Bowen: Okay, Matt, you and I seem to be diametrically opposed on the single issue threatening to destroy the queer community. I never thought that issue would be Antoni, but I did always suspect that grapefruit and avocado would have something to do with it.
Matt: I want to start by saying that I first realized there was a new Queer Eye happening when I was watching The Wendy Williams Show one day like all the other 40-year-old moms in the world (I’m a 27-year-old man shhh!), and the new Fab Five were the guests. I was taken aback when Wendy — who had addressed Tan, Jonathan, Karamo, and Bobby with her traditional “How you doin’?” — got to Antoni, who sunnily replied, “How’s it going?” This is bad! It is polite and bad. Wendy had to check in with Karamo to make sure everything was gonna be okay if she kept talking to this guy. To not know to respond “how you doin’?” back to Wendy Williams!? This is not-getting-it on a high level. For me, not a good foot to start out on. But what can I say? I watched the show and I’m gonna bravely say it: Antoni is my favorite! Maybe it was the fact that he endearingly can’t really dance but still goes for it in the intro package. Maybe it was the incredibly transparent but extremely effective thirst-trap that was his “I’m a romantic” sound bite in episode one. Maybe it was the grilled-cheese recipe! I am usually hungry for cheese and bread. But I’m in love, and I don’t think I ever stood a chance. I’m gonna be a revolutionary here and say that I think the haters are … jealous?! Bowen, as Morgan McMichaels recently said on Drag Race, “Y U MAD THO?”

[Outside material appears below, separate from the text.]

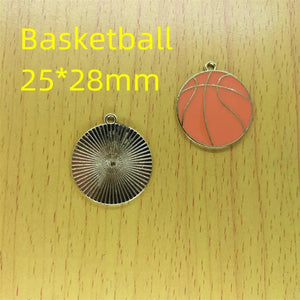 10pcs Enamel Cartoon Disc Tag Charms Metal Baseball Charm DIY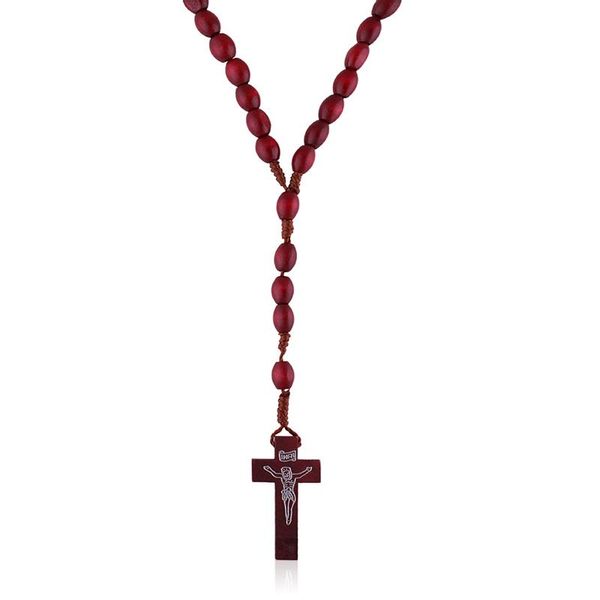 Różaniec drewniany bordowy na sznurku zdjęcie 1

Bowen: That’s the thing, is that Antoni is failing so many gay proficiency tests that the community has laid out for us like bear traps in the woods. One careless mistake and you’re a goner, never to emerge into a fierce bacchanal à la Looking season two. It’s not that every gay man wants to know how to behave on the set of The Wendy Williams Show, it’s that every gay man has to know. And Antoni doesn’t know. His mishandling of that inherited wisdom is alarming, and this feels like a reverse–Get Out situation where all of us are Daniel Kaluuya and Antoni is Betty Gabriel not knowing how a phone battery works. I am deeply suspicious of him.
Matt: Well, if your argument here is that Antoni is a little basic, then I would say he is using that to his advantage when it comes to his role on the show. I am also (high-functioning) basic and truly appreciate what Antoni is laying out here. Let’s take the food that Antoni prepares for our (mostly) straights during season one. Antoni understands that you have to walk before you can run! This criticism that the food he is preparing is “too easy” and that he “doesn’t do anything” is insane. What do you want these straights to do? Be able to debone a duck after three days? No. They can learn to make grilled cheese, and so can I by proxy. As someone whose diet is mostly chicken fingers, I’m appreciative of Antoni’s culinary skills and teachings! He is a teacher, Bowen.
Bowen: I don’t buy that. There’s been some great investigative reporting on Junkee about whether or not he really even knows how to cook! Almost none of the things he’s making for the mostly straights in his charge involve a stove or an oven, right? Like, he’s preparing food a child would make when they’re old enough not to need a sitter. Any queer loves a grilled cheese, but it’s not a revelation to cut it into four triangular pieces.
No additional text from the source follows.